→ **DATA TO USE**
+ + +
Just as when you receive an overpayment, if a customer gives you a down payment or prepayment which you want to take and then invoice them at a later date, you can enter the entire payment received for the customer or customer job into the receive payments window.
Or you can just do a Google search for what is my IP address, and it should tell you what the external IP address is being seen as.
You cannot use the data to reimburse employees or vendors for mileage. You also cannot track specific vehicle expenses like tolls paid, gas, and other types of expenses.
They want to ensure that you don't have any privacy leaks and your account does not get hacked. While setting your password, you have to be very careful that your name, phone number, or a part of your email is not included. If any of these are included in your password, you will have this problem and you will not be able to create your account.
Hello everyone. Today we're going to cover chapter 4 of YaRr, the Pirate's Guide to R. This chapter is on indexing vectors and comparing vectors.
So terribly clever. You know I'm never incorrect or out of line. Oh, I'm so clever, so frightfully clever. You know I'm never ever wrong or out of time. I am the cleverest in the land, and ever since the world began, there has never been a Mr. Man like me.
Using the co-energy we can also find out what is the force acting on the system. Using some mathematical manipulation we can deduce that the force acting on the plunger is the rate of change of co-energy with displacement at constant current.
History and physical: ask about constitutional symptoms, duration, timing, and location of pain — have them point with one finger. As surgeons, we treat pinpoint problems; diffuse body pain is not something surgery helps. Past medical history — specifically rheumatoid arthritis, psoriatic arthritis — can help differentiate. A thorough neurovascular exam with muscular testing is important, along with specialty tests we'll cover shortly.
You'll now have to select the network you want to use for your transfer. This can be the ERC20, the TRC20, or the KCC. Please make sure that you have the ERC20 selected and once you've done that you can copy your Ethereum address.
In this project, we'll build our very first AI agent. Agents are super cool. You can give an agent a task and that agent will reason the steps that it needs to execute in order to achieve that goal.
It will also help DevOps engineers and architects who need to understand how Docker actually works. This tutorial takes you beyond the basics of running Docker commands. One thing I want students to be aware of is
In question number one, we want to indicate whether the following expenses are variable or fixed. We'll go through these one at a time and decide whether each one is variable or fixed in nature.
+ + +
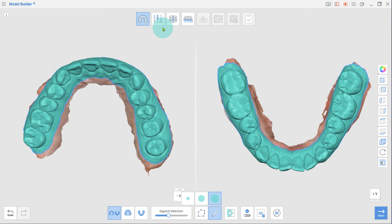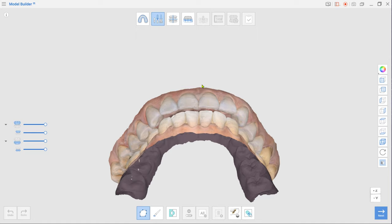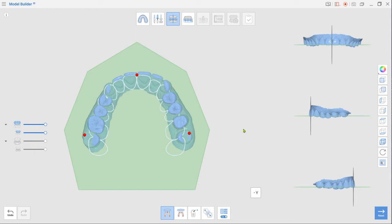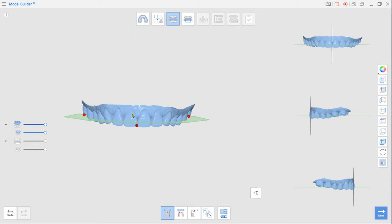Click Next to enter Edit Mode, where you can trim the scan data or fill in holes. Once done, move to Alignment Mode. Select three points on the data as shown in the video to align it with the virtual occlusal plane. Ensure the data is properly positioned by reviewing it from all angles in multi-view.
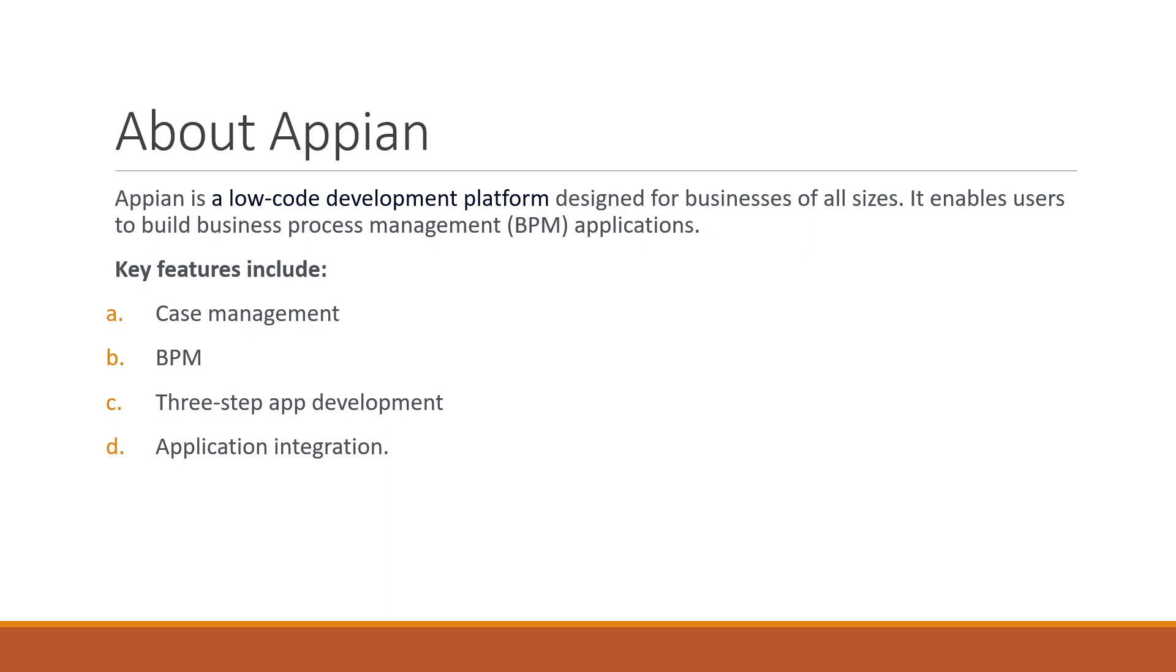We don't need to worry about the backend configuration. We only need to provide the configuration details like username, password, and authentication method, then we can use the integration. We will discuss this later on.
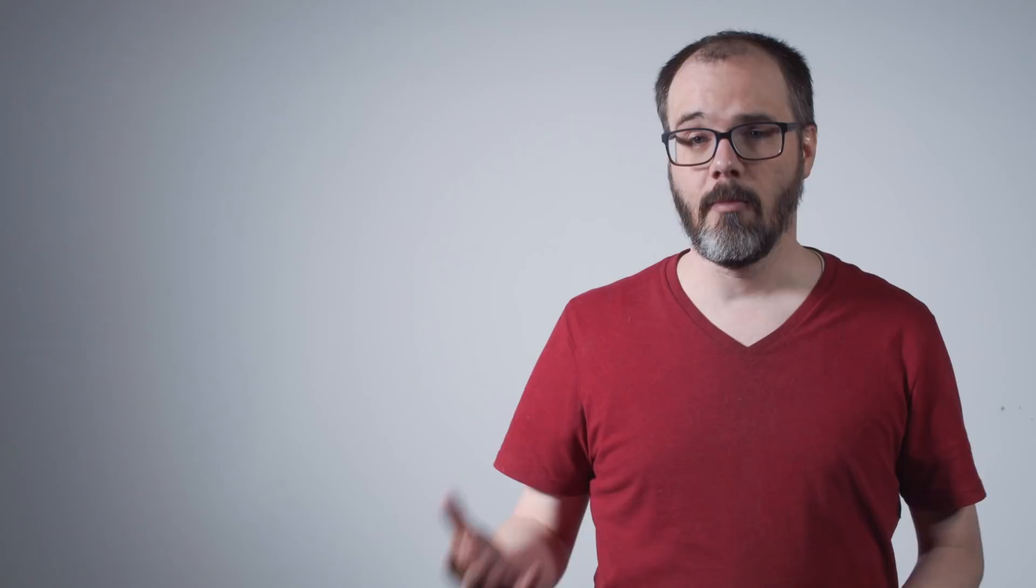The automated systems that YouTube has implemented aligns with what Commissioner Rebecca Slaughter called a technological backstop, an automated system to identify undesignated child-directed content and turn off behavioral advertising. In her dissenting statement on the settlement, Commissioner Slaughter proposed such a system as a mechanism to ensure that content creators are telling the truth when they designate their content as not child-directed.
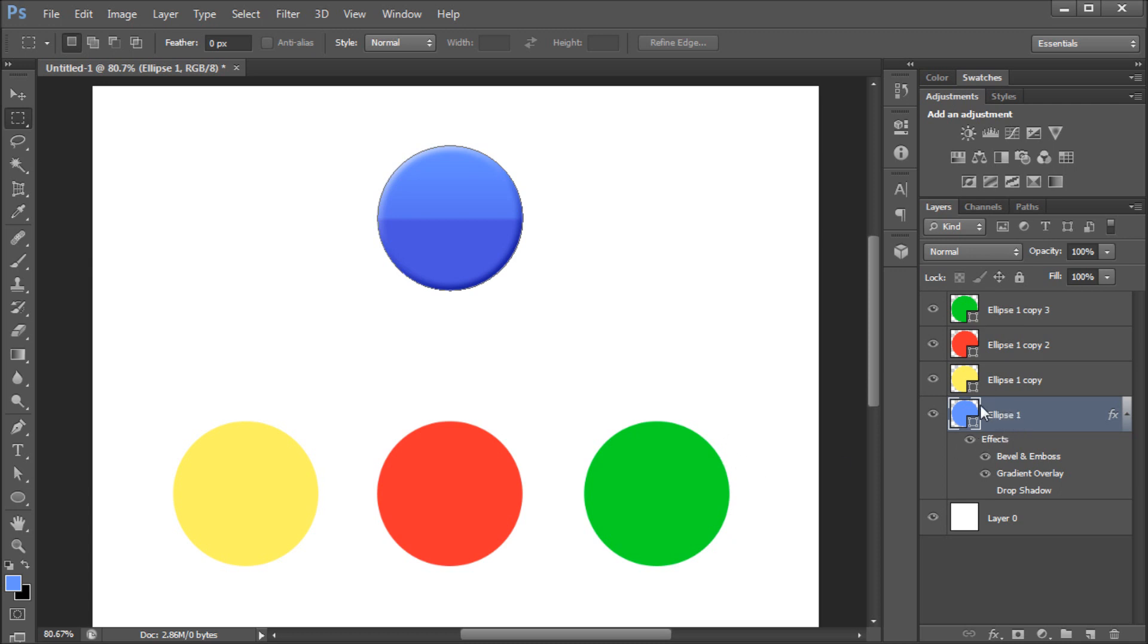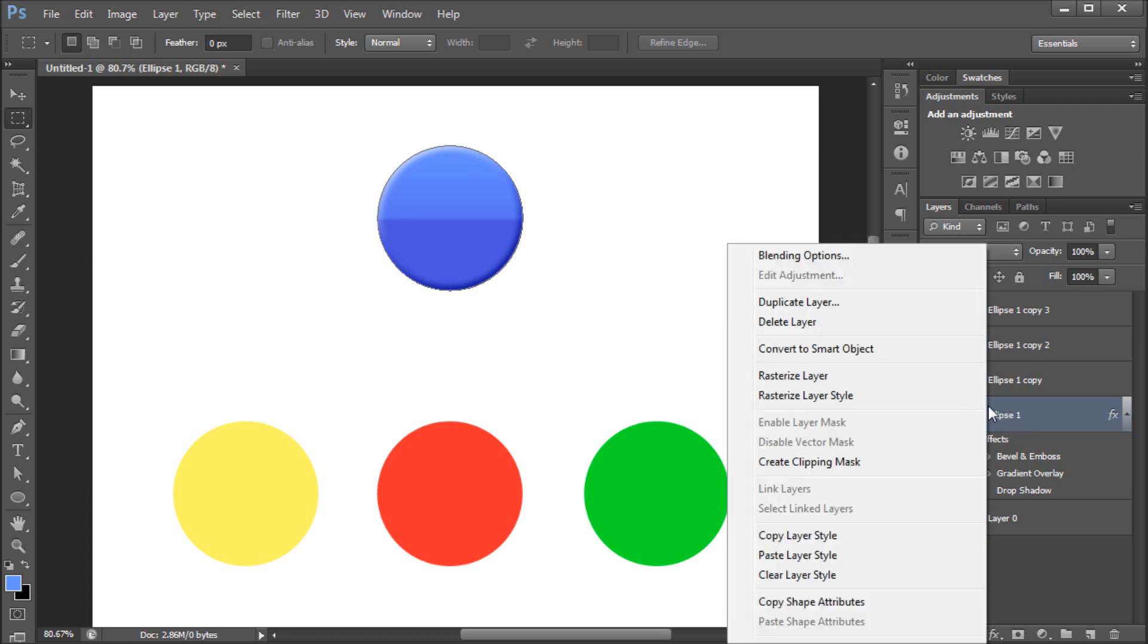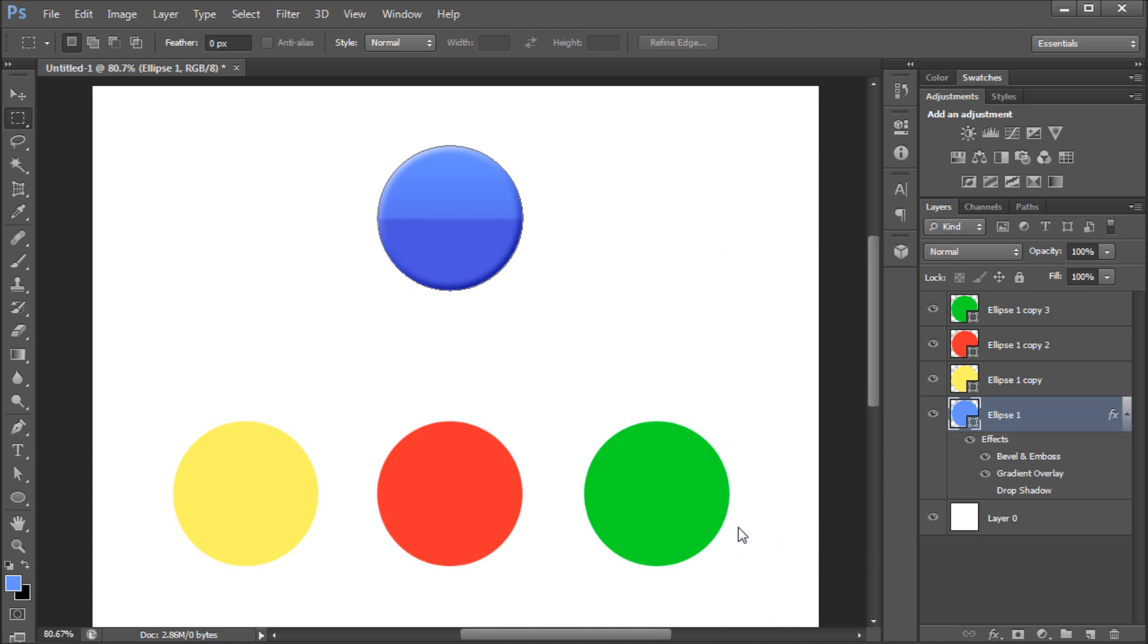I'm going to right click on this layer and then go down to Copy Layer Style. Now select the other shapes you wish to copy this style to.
+ + +
→ **PROBLEM**
Within the data above, the span starting at the line containing "Just as when" and ending at the line containing "Or you can just" is to be retyped exactly, with no other lines.

→ **SOLVED EXERCISE**
Just as when you receive an overpayment, if a customer gives you a down payment or prepayment which you want to take and then invoice them at a later date, you can enter the entire payment received for the customer or customer job into the receive payments window.
Or you can just do a Google search for what is my IP address, and it should tell you what the external IP address is being seen as.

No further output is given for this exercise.